The globe-spanning designs of MAD Architects are the subject of a new retrospective exhibition being staged at the Shenzhen Museum of Contemporary Art and Urban Planning (MoCAUP) that promises viewers an interesting take on the relationship cities have with time, history, and nature.
Under the title "Ma Yansong: Landscapes in Motion," the exhibition breaks down nearly twenty years of work into a multi-faceted display of 52 total projects spread across a 32,000-square-foot space and divided into four "Chapters." MAD says they intend to have their philosophies on nature, architecture, and urban development showcased through the exhibition. The ultimate goal is to raise public awareness about the role citizens can share in the creation and development of their community.
“Architecture and cities are not abstract scientific technologies but real settings where life unfolds. They represent feelings, ambience, and time. They carry traits of living beings; thus they are full of energy, flow, dynamism, and uncertainty. Architecture is alive, growing with the earth, endowed with life, rich in emotions, perceptive of time, and compassionate to everything. The goal of this exhibition is to use architecture as a conduit to explore cultural life, allowing us to probe our inner selves while observing the dynamic, diverse, and fluid cultural landscape of contemporary society,” Ma Yansong, the studio’s founder and principal partner along with Dang Qun and Yosuke Hayano, said in a preview.
A compilation of 180 employees’ answers to an internal prompt compiled by the firm welcomes visitors to the exhibition via a large circular meeting table. It is followed immediately by the first “Dialogue” chapter, which presents seven public building and civic space designs along with three probing questions related to cities, Chinese development plans, and the future.
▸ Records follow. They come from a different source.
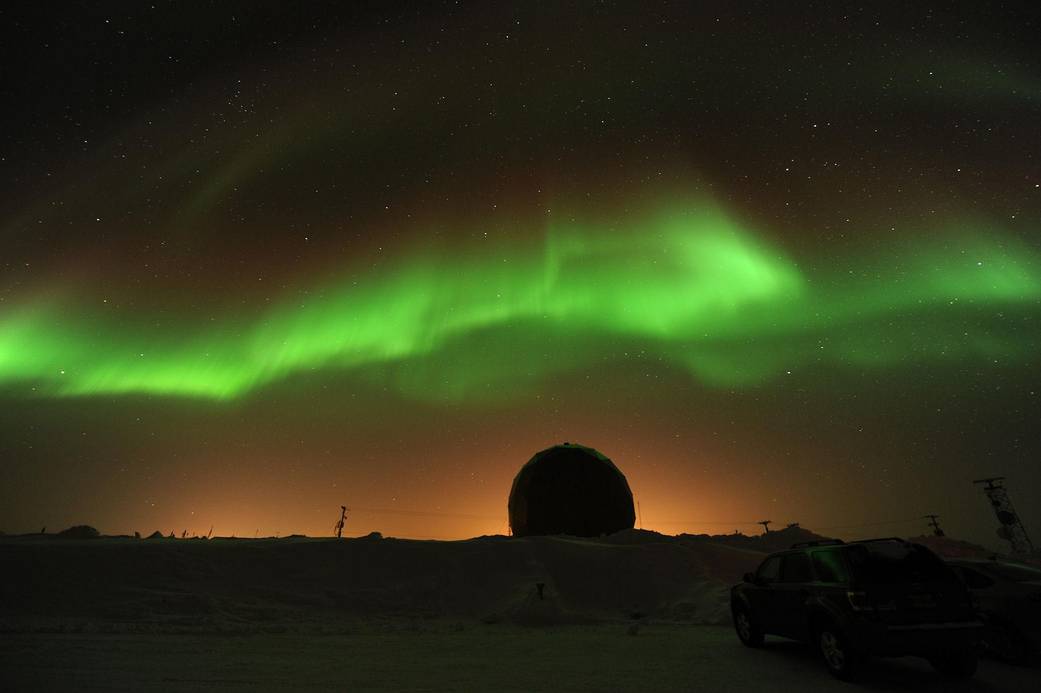 A green band of aurora above a snowy research site at Poker Flat, Alaska, photographed by James Spann.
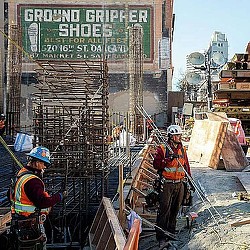 A few men in hardhats working on a construction site.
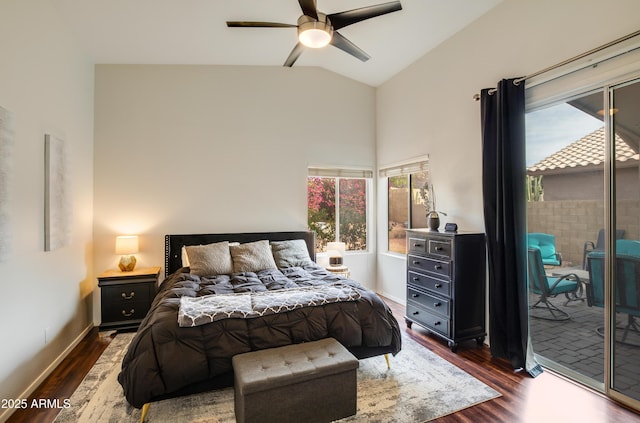 bedroom featuring dark hardwood / wood-style flooring, vaulted ceiling, and ceiling fan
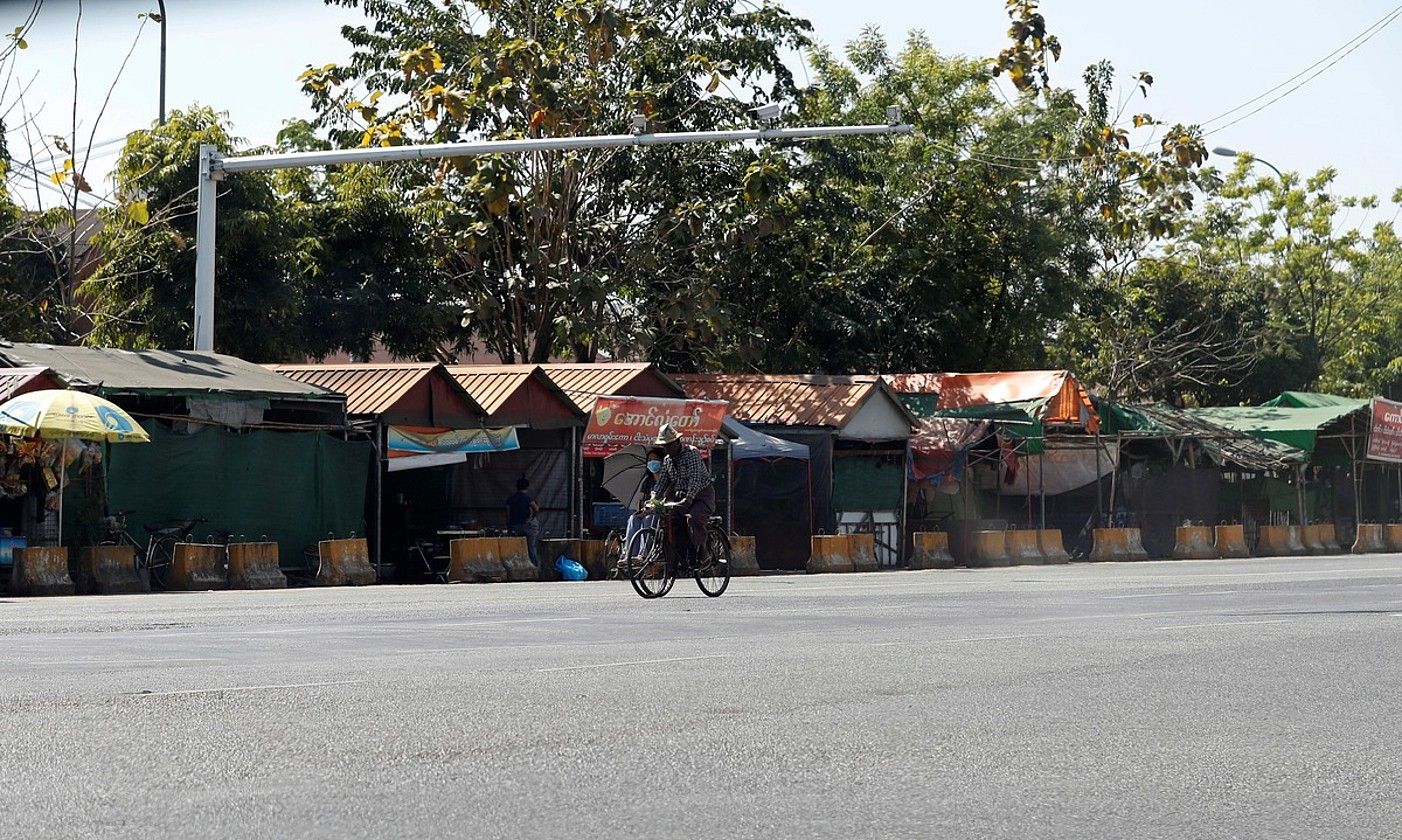 Pertsona bat, atzo, Yangon hiriko kale huts batean. «Greba isila» egin zuten. EFE.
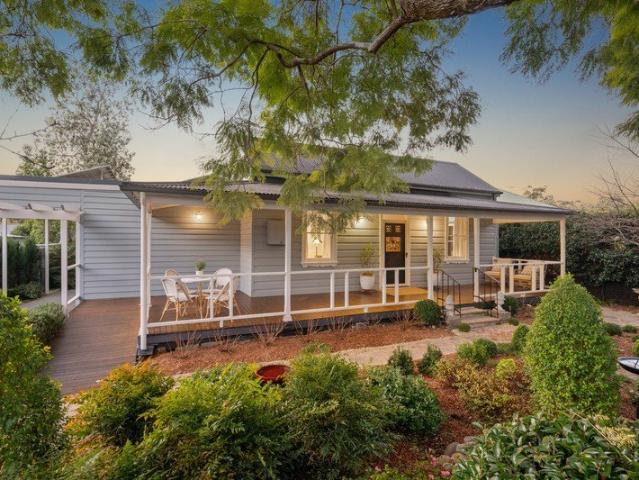 Refined Village Living in Beautifully Restored Jacaranda Cottage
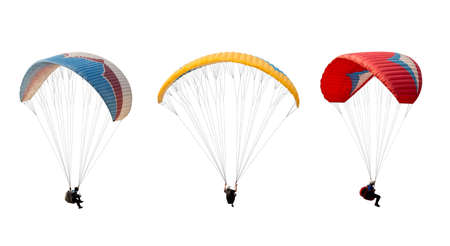 collection Bright colorful parachute isolated on white background,  The sportsman flying on a paraglider. Concept of extreme sport, taking adventure challenge.の写真素材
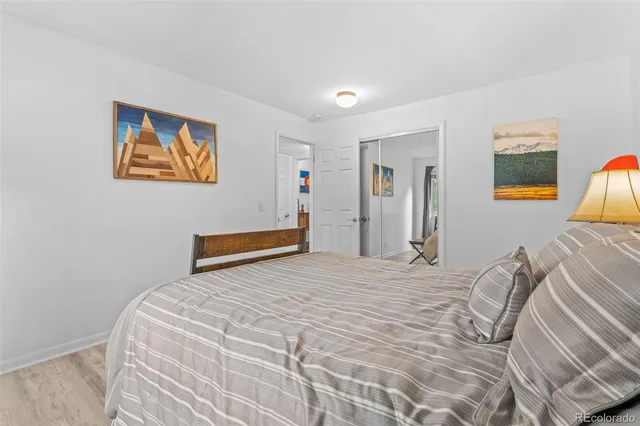 a bedroom with a bed and a painting on the wall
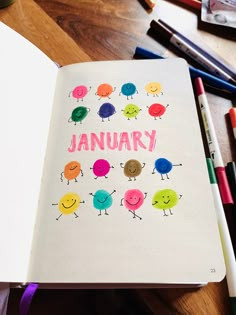 an open notebook with the words january written on it and colorful cartoon characters in different colors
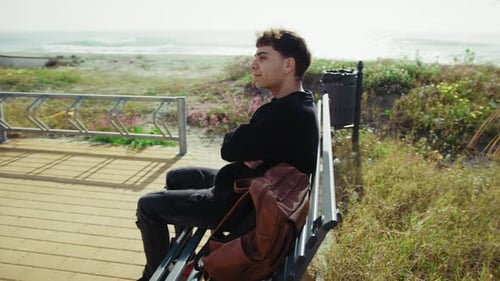 Man On The Bench Near The Sea Relaxing And Enjoying The Nature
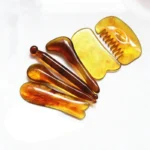 6-piece amber Gua Sha and massage tools for face and body.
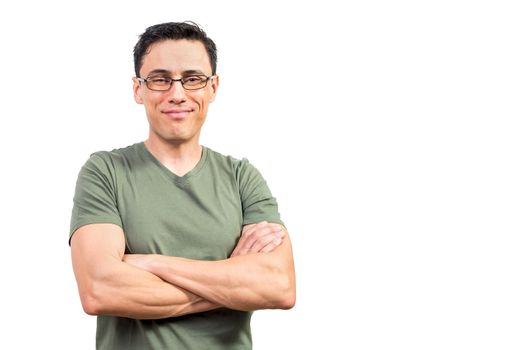 Self assured man in green t shirt and glasses crossing arms and looking at camera with smile against white background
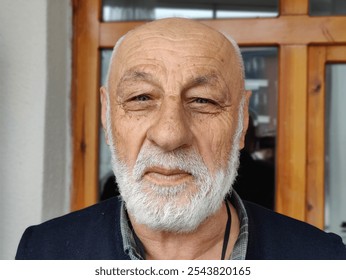 Portrait of an elderly man with a thoughtful gaze, symbolizing wisdom, resilience, and a life full of experiences etched in each line on his face, capturing the dignity and strength of age. - Powered by Shutterstock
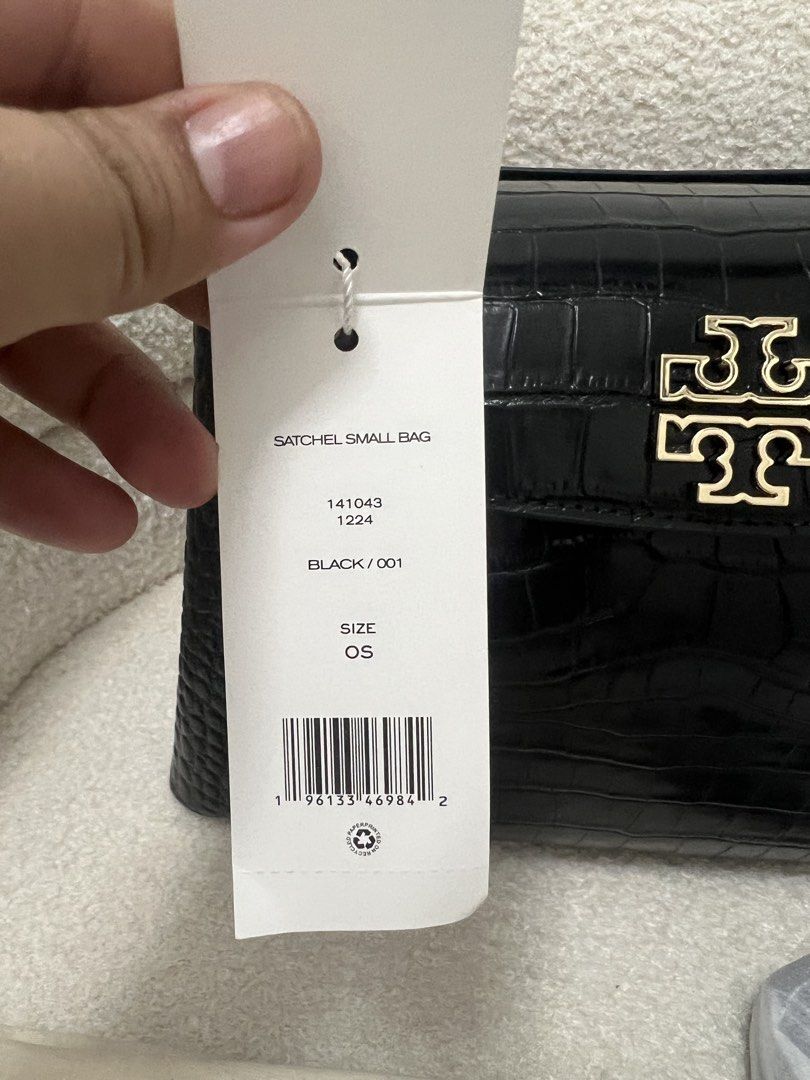 Tory Burch Black Croc Embossed Satchel Bag (Category: Shoulder Bags) located in Abulug. Submitted by jamiecammie (Listing ID 1470593690, Image 2). Description: - Authentic Tory Burch small satchel in black croc-embossed leather - Elegant gold-tone hardware with iconic front flap logo clasp - Brand new with original store tag attached (Style No: 141043) - Features a structured top handle and protective metal feet on the bottom - Includes a removab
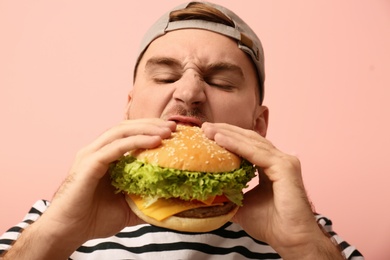 Young man eating tasty burger on color background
The second “Progress” chapter unpacks designs for the Zhongguancun Forum Congress Center and others that are evocative of the idealized “future city.” The third chapter, “Feelings are Facts,” expands the line of questioning by introducing another 15 design and land art projects, including 2018's Tunnel and Light. Finally, the exhibition concludes in the fourth chapter, “Rhapsody,” which weaves together 12 more projects into one singular statement on the reality of urban life in the 21st century.
Yansong concludes: “The work of MAD is like a rhapsody, representing a rebellious and critical attitude. It also manifests an opposition to a generic pattern, goal, form, or language. I am intrigued by responding to the real world with diverse, genuine, and positive emotions.”
This represents the MoCAUP’s first-ever solo exhibition since opening in 2016. The final day to experience the show is December 17, 2023.